§ About this exercise: Give back exactly the lines of the material below that start at the line containing "Canvas-Espadrilles im Mary-Jane-Stil" and end at the line containing "Clear Glass Led", and no others.
___ Data section
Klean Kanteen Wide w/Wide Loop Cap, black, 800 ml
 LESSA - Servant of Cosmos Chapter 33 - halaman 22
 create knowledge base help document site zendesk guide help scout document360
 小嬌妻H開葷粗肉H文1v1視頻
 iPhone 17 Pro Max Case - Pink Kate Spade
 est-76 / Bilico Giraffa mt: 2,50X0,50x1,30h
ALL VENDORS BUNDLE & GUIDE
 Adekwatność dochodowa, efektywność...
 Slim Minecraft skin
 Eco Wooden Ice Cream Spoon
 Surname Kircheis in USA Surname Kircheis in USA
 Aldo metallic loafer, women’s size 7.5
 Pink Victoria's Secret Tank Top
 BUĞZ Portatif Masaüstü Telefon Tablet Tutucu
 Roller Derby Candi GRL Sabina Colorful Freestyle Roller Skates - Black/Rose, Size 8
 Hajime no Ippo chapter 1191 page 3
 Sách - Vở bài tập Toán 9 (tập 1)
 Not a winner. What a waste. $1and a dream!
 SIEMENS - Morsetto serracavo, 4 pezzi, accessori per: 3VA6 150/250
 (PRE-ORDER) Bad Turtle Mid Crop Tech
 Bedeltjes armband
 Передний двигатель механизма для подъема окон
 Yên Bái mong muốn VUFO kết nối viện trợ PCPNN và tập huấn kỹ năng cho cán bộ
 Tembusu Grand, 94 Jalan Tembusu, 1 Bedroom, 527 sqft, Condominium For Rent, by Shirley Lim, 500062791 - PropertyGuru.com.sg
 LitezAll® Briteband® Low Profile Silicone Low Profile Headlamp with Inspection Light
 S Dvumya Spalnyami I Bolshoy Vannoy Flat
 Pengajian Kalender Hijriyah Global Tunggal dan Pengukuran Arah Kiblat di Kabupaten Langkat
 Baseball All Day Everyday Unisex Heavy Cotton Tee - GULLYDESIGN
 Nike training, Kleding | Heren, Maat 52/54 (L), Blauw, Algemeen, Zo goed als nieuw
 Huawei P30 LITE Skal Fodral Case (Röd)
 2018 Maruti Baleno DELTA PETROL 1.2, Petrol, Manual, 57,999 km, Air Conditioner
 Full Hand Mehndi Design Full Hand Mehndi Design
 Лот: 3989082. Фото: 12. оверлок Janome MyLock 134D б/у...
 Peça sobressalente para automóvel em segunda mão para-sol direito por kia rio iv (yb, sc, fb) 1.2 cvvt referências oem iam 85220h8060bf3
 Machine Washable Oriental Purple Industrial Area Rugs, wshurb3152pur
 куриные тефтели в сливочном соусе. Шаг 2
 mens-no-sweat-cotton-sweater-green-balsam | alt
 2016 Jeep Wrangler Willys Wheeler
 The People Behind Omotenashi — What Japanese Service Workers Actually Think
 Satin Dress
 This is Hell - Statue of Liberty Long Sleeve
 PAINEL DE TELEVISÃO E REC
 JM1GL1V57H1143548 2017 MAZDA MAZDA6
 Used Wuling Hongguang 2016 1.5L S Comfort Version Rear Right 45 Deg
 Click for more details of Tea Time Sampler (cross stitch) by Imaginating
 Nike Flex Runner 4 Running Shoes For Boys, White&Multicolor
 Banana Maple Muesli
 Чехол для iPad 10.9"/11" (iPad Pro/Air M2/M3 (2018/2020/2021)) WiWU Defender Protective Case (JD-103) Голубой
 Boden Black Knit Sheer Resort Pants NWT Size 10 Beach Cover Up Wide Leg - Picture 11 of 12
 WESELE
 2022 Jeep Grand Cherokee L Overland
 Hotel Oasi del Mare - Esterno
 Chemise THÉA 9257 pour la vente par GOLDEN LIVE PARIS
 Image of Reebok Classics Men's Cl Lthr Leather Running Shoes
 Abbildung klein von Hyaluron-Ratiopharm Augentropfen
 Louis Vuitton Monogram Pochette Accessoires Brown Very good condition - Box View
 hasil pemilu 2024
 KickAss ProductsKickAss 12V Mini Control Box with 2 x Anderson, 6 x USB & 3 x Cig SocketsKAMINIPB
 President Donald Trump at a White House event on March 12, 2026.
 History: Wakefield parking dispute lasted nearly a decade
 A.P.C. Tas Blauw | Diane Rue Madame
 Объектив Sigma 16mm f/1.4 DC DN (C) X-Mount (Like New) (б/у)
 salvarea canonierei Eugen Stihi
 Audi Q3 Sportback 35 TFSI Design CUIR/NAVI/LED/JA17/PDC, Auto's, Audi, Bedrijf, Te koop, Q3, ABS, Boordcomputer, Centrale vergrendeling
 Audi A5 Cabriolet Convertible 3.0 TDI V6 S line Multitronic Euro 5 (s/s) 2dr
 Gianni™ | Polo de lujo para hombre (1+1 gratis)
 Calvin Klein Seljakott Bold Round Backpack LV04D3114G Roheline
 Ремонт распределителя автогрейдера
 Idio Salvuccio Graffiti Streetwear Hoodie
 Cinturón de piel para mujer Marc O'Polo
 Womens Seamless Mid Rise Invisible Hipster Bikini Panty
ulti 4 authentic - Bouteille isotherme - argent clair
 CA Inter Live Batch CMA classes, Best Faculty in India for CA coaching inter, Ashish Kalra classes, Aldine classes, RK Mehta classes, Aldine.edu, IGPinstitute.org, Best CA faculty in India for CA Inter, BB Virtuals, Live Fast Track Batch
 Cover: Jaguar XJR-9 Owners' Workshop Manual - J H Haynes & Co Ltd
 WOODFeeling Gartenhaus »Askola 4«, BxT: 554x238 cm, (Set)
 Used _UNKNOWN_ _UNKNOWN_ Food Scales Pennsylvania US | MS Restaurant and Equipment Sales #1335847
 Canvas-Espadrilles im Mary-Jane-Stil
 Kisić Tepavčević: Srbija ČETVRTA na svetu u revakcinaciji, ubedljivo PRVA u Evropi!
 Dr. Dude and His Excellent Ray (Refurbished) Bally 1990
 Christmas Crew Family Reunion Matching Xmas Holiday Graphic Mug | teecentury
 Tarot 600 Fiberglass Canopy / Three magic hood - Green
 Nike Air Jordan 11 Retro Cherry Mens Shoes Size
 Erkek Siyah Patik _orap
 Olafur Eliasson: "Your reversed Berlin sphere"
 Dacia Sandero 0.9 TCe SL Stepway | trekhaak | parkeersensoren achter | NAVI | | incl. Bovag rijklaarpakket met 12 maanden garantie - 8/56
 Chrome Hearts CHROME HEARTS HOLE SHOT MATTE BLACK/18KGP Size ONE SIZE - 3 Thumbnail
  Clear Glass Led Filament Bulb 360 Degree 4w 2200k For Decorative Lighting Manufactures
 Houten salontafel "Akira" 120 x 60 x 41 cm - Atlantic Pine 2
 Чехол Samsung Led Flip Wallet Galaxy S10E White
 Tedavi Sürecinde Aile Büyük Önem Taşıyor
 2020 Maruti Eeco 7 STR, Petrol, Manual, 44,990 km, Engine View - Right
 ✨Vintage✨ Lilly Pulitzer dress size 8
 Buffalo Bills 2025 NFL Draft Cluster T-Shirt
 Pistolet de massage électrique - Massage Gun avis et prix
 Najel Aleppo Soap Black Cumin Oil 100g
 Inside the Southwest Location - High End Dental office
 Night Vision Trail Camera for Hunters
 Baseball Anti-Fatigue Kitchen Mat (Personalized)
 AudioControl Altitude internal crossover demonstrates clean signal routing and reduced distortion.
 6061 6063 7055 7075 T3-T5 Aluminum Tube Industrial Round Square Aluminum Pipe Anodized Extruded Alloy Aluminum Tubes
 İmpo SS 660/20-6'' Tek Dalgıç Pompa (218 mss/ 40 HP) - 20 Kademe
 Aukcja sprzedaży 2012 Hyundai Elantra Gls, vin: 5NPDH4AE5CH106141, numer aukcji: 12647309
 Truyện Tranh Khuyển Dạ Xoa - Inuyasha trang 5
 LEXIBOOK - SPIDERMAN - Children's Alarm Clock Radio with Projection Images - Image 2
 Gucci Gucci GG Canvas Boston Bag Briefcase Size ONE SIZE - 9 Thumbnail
______
§ Solution for this exercise:
 Canvas-Espadrilles im Mary-Jane-Stil
 Kisić Tepavčević: Srbija ČETVRTA na svetu u revakcinaciji, ubedljivo PRVA u Evropi!
 Dr. Dude and His Excellent Ray (Refurbished) Bally 1990
 Christmas Crew Family Reunion Matching Xmas Holiday Graphic Mug | teecentury
 Tarot 600 Fiberglass Canopy / Three magic hood - Green
 Nike Air Jordan 11 Retro Cherry Mens Shoes Size
 Erkek Siyah Patik _orap
 Olafur Eliasson: "Your reversed Berlin sphere"
 Dacia Sandero 0.9 TCe SL Stepway | trekhaak | parkeersensoren achter | NAVI | | incl. Bovag rijklaarpakket met 12 maanden garantie - 8/56
 Chrome Hearts CHROME HEARTS HOLE SHOT MATTE BLACK/18KGP Size ONE SIZE - 3 Thumbnail
  Clear Glass Led Filament Bulb 360 Degree 4w 2200k For Decorative Lighting Manufactures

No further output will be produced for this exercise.